:: DATA EXCERPT

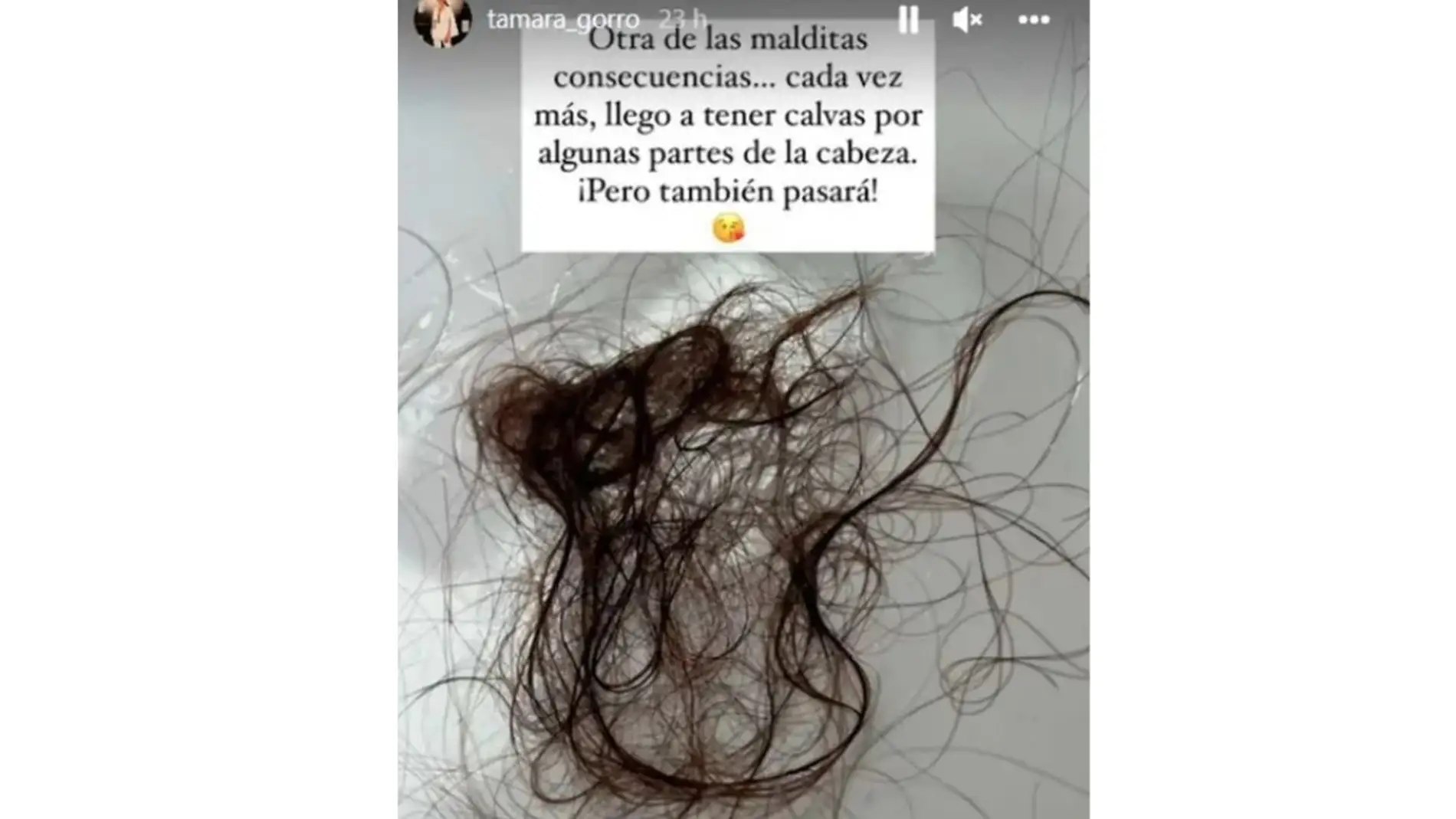 Tamara Gorro muestra su caída de pelo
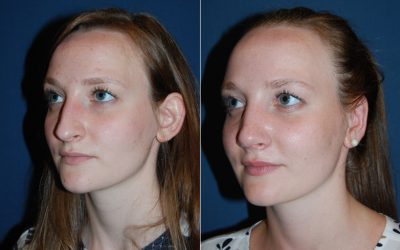 Facial plastic surgeon to do an otoplasty on your ears in Charlotte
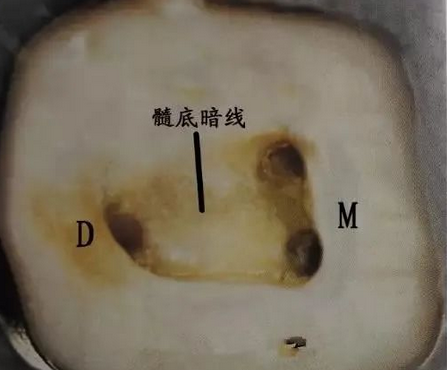 寻找根管口的一些方法总结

::::

TASK PROMPT:
Make an exact copy of the listing above. Its pictures are not needed.

RESPONSE TO THE TASK:
 Tamara Gorro muestra su caída de pelo
 Facial plastic surgeon to do an otoplasty on your ears in Charlotte
 寻找根管口的一些方法总结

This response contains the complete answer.